どのような事項を法律で定めるべきかについて、林修三『法令作成の常識』と大島稔彦『法令起案マニュアル』の2つの文献の記述を取り上げることにする。まず、kei-zuさんも取り上げていた、林修三・前掲書(P5〜)には、次のような記載がある。

法というものは、国家などの権力を背景として、あることをすべきこと、あるいはしてはならないことを定めて、人々に対しその遵守を強制し、もし人がその強制に反すれば刑罰その他の不利益をこれに課するということをその本質とするものといえるであろう。国家その他の公的団体の公権力を背景として、人がそれを守り、それに従って行動することを強要する規範である。そして、法令を作るということは、こういう法あるいは法規範を成分化することである。
 (中略) 
その意味で、法令を作るにあたっては、それが本当に法令としてとりあげるのにふさわしい問題かどうかをよく検討して、その性質上、法令とすることに真にふさわしいものだけをその対象にとりあげるようにすべきである。道徳律や宗教上の戒律ないしは会社、組合などの規約にまかせてよいこと、まかせるべきものを、みだりに法令の分野にとりこむべきではないし、また、政治、政策の一般的方針にまかせるべきこと、行政措置、予算措置などだけで実行できるものをみだりに法令の対象にとりあげるべきものではないというべきであろう。要するに、法の本質であるその強要性を全くもたないような内容の法令を作ることは避けるべきだということである。

この考え方は、前回(「条例事項・法律事項(上)」)取り上げた閣議決定の内容とほとんど変わらない。
引き続いて、林・前掲書(P7〜)は、次のように記載している。

行政機関の行政措置などだけでできるような何かの事業……についての5カ年計画の樹立、実施などのことも、それがよほど政治的に重要な意味をもつものでない限り、法令の内容にとりこむのは、あまり適切でないといえる。

つまり、政治的に重要な意味を持つものであれば、法令の内容に取り込むことを許容しているのである。前回取り上げた中央省庁改革等基本法は、この政治的に重要な意味を持つものといえそうである。
次に、大島・前掲書(P7)は、「法の規範としての特徴の1つは、強制の要素が強いことである」として、「人々の心の問題や自発性が尊重される分野においては、法によって強制することは適当ではない」としているが、これは林・前掲書と同じ考え方である。しかし、大島・前掲書(P8)の次の記載は、林・前掲書とは異なる記載となっている。

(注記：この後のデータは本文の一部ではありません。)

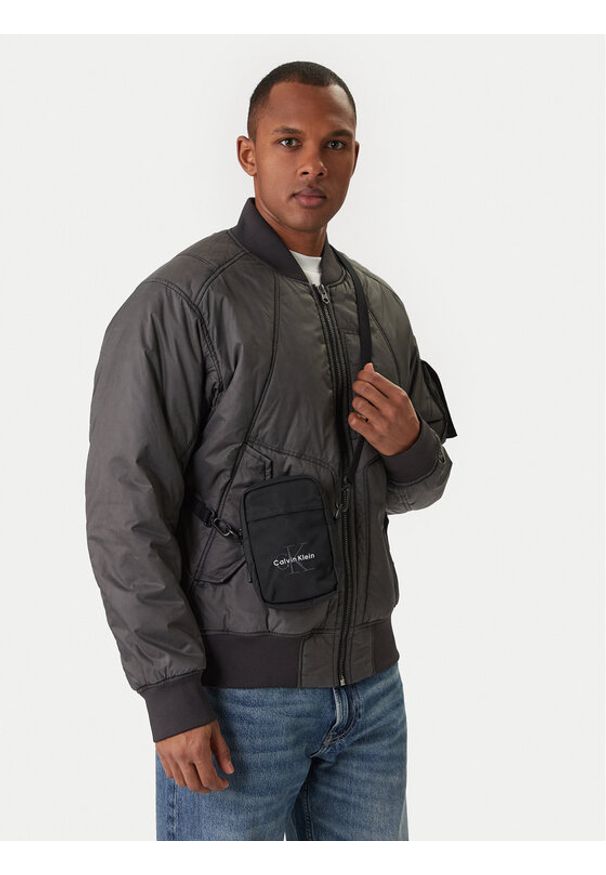 Calvin Klein Saszetka Bold Logo Nylon Slim Reporter LV04D3231G Czarny. Kolor: czarny. Materiał: materiał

例えば、補助金の交付や利子補給といった優遇策も法によらなければならないが、これは強制力を背景に持つものとはいえず、財政法律主義や国民による(議会を通じての)行政監視といった要請に基づいて法という形式をとるものである。…… 
このように、現代国家においては、必ずしも法=強制力という図式が成り立つわけではなく、強要性以外の要素や理由からも法適格性が付与されることになる。これは、広く、議会という国民の代表機関が定めることが民主主義の論理から要請される、あるいは適当とされる、という判断に基づく法適格性ということができるだろう。

この違いは、本来法律で定める必要のない事項を法律で定めたことに対する後付の理由のような感じもするが、何を法で定めるべきかは、時代によって変わるものだということが一応言えそうである。
ただし、いわゆるユニーク条例については、上記の2つの文献が共に法で定めるべきでないとしている人々の心の問題や自発性が尊重される分野に踏み込んできているといえるのではないだろうか。そうすると、このユニーク条例については、振り返って条例とは何か、また法とは何かという問題を考え直さなければいけないものなのかもしれない。